Classroom Activities
To Help You Connect Trumpet Books to Your Curriculum
Never Let a Cat Make Your Lunch
Classroom Activities
About the Book
Pebbles the cat likes to make food for her owners. Breakfast seems to be fine, but lunch is another story — anchovies on peanut butter and jelly?!


BEFORE READING THE BOOK

Pre-Reading Activity

  1. On a bulletin board, hang up a good-sized photo or rendering of a cat. Introduce cat to students. "Class, this is Scrumptious, for example. He is here to help us think about cats. What we want to find out is what does Scrumptious like to eat?
     
  2. Pass out two different-colored index cards to each student. Explain that on the yellow index card (for example) each student should write or draw something they think Scrumptious would like to eat. On the pink index card (for example) they should write or draw something they think Scrumptious would not like to eat.
     
  3. Students share their drawing and/or writing. Hang all the would-like-to-eats on one side of Scrumptious. Hang all the would-not-like-to-eats on the other side of Scrumptious.
     
  4. Tell students that you are going to read a story about a cat who makes meals for her owner. "Do you think the cat makes the kind of food a person would want to eat?" "I wonder if we will see any of the food from our bulletin board."

CLASSROOM ACTIVITIES

Read Together

  1. Show the class the cover of book. "The title of this book is Never Let Your Cat Make Lunch for You. How do you think the girl in this book feels about her cat making lunch for her?"
     
  2. Read the book aloud. Ask the class to point out things that Pebbles makes that they would like. What things does she make that they wouldn't like? Is there any food Pebbles likes that the girl likes too?

Create A Venn Diagram

  1. On a piece of chart paper, draw a large Venn Diagram. At the top of one circle write "What Cats Eat." At the top of the other circle write "What People Eat."
     
  2. If necessary, explain what a Venn Diagram is to your students. "A Venn Diagram is a way of organizing information so that we can understand data quickly." Show students the different areas of the diagram, including the intersection, the mutually exclusive circles, and the area outside the circles.
     
  3. Explain that this Venn Diagram is going to show what people eat and what cats eat.
     
  4. As students name different foods, ask them if it is something that people eat, that cats eat, that both people and cats eat, or that neither people nor cats eat. Then ask them to describe ("Tell me with your words") where on the diagram you should write the word. (If a contribution belongs in the intersection and a student says "the middle" acknowledge their correct answer and remind them of the right word: "You're right! It does go in the middle. And the mathematical name for that is the "intersection.")
     
  5. Fill in as much information as the students contribute. Remind them of the examples from the book.

Design a Menu

  1. Split the class into groups of 4 or 5. Each group must come up with an animal name. (No two groups should have the same name.)
     
  2. Explain that each group is going to open a restaurant designed for the animal the group is named after. For example, if the group is named the Gorillas, their restaurant will be for gorillas.
     
  3. Each group must come up with a breakfast, lunch, and dinner menu for their animal. The menu can certainly be silly, but it should also reflect some knowledge of what that particular animal would eat. (Have nonfiction books about a variety of animals available for student perusal.)
     
  4. Pass out the menu reproducible to each group:
     
  5. Pass out one piece of 14x11 poster board to each group. Each group should decorate the back of the poster board. Explain that this is the menu. Students can cut out pictures from magazines to form a collage, or they can decorate with crayons, pencils, and magic markers.
     
  6. Affix the above completed reproducible to the un-decorated side of the menu.

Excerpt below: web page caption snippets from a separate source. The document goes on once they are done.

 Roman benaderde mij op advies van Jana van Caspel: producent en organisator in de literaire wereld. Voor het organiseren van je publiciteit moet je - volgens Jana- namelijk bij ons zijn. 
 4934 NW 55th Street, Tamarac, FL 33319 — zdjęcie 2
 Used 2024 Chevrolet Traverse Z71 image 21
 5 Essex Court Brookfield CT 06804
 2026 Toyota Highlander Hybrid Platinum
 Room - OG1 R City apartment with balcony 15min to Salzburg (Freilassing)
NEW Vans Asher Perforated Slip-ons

Follow-up Activity: Presentations/What's My Animal?

  1. Invite another class in for a second reading of Never Let Your Cat Make Lunch For You.
     
  2. After reading book, explain to guests that your class has designed menus for different animals. Each group will present their menu without telling the name of the animal it is intended for. (It may be necessary to put a clipboard in front of the menus as students present so that visiting class doesn't guess the animal based on the decorated menu.) When they have finished reading their menu, visiting class can try to guess what animal the food is intended for.
     
  3. After the presentations, serve "bug" juice (any red juice) and animal crackers.